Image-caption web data
▼▼▼

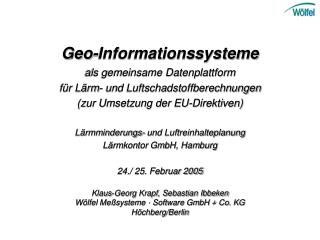 Geo-Informationssysteme als gemeinsame Datenplattform für Lärm- und Luftschadstoffberechnungen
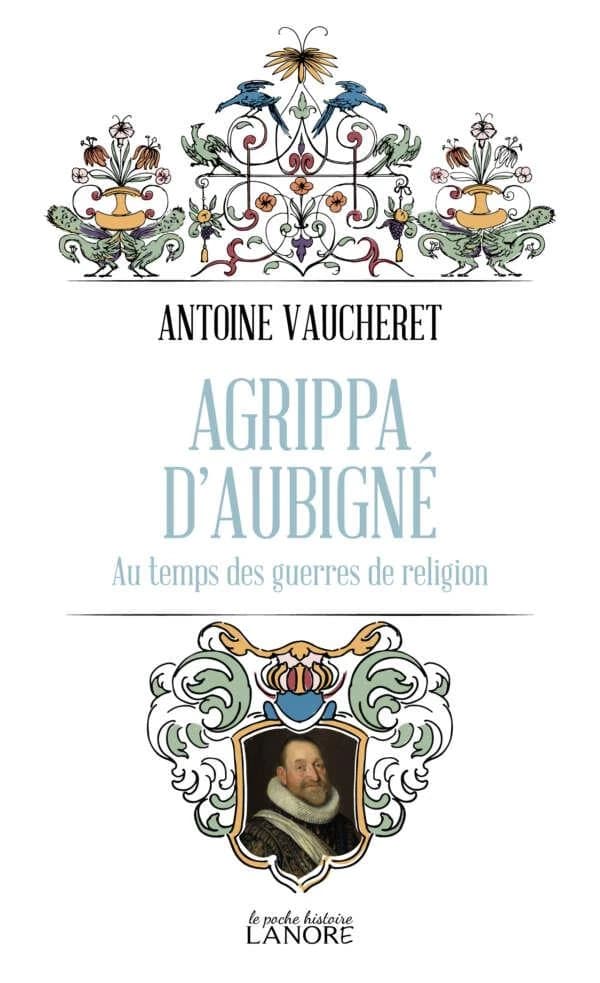 Agrippa d'Aubigné : au temps des guerres de religion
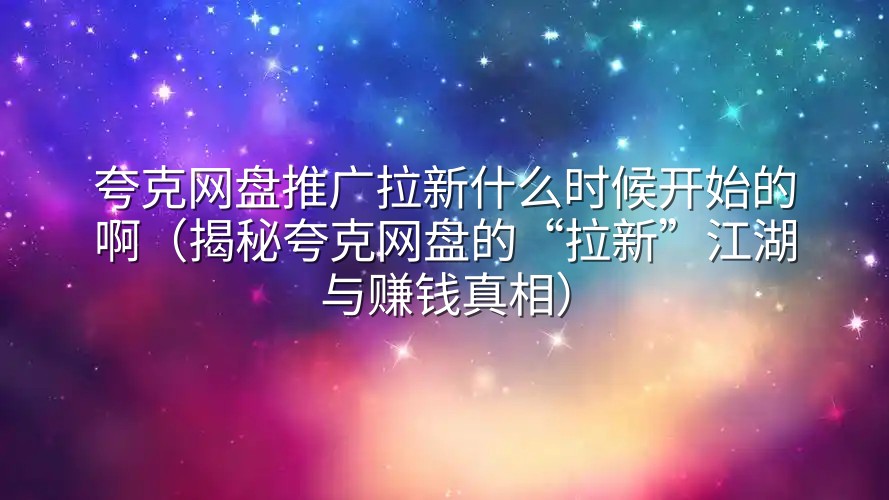 夸克网盘推广拉新什么时候开始的啊（揭秘夸克网盘的“拉新”江湖与赚钱真相）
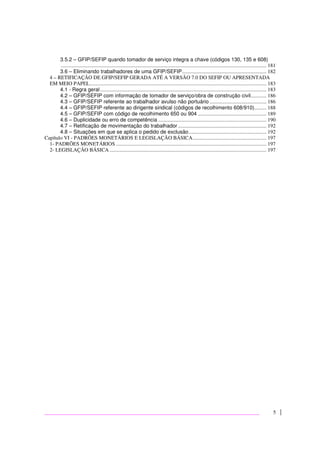5
3.5.2 – GFIP/SEFIP quando tomador de serviço integra a chave (códigos 130, 135 e 608)
............................................................................................................................................................ 181
3.6 – Eliminando trabalhadores de uma GFIP/SEFIP................................................................ 182
4 – RETIFICAÇÃO DE GFIP/SEFIP GERADA ATÉ A VERSÃO 7.0 DO SEFIP OU APRESENTADA
EM MEIO PAPEL...................................................................................................................................... 183
4.1 - Regra geral.............................................................................................................................. 183
4.2 – GFIP/SEFIP com informação de tomador de serviço/obra de construção civil............ 186
4.3 – GFIP/SEFIP referente ao trabalhador avulso não portuário ........................................... 186
4.4 – GFIP/SEFIP referente ao dirigente sindical (códigos de recolhimento 608/910)......... 188
4.5 – GFIP/SEFIP com código de recolhimento 650 ou 904 .................................................... 189
4.6 – Duplicidade ou erro de competência .................................................................................. 190
4.7 – Retificação de movimentação do trabalhador ................................................................... 192
4.8 – Situações em que se aplica o pedido de exclusão........................................................... 192
Capítulo VI - PADRÕES MONETÁRIOS E LEGISLAÇÃO BÁSICA........................................................ 197
1- PADRÕES MONETÁRIOS .................................................................................................................. 197
2- LEGISLAÇÃO BÁSICA ....................................................................................................................... 197
 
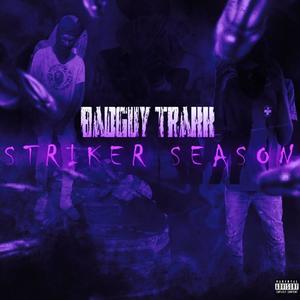 STRIKER SEASON (Explicit)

▲▲▲

We ask that the entries above be copied exactly, with the pictures omitted.

Exercise solution =>
 Geo-Informationssysteme als gemeinsame Datenplattform für Lärm- und Luftschadstoffberechnungen
 Agrippa d'Aubigné : au temps des guerres de religion
 夸克网盘推广拉新什么时候开始的啊（揭秘夸克网盘的“拉新”江湖与赚钱真相）
5
3.5.2 – GFIP/SEFIP quando tomador de serviço integra a chave (códigos 130, 135 e 608)
............................................................................................................................................................ 181
3.6 – Eliminando trabalhadores de uma GFIP/SEFIP................................................................ 182
4 – RETIFICAÇÃO DE GFIP/SEFIP GERADA ATÉ A VERSÃO 7.0 DO SEFIP OU APRESENTADA
EM MEIO PAPEL...................................................................................................................................... 183
4.1 - Regra geral.............................................................................................................................. 183
4.2 – GFIP/SEFIP com informação de tomador de serviço/obra de construção civil............ 186
4.3 – GFIP/SEFIP referente ao trabalhador avulso não portuário ........................................... 186
4.4 – GFIP/SEFIP referente ao dirigente sindical (códigos de recolhimento 608/910)......... 188
4.5 – GFIP/SEFIP com código de recolhimento 650 ou 904 .................................................... 189
4.6 – Duplicidade ou erro de competência .................................................................................. 190
4.7 – Retificação de movimentação do trabalhador ................................................................... 192
4.8 – Situações em que se aplica o pedido de exclusão........................................................... 192
Capítulo VI - PADRÕES MONETÁRIOS E LEGISLAÇÃO BÁSICA........................................................ 197
1- PADRÕES MONETÁRIOS .................................................................................................................. 197
2- LEGISLAÇÃO BÁSICA ....................................................................................................................... 197
 
 STRIKER SEASON (Explicit)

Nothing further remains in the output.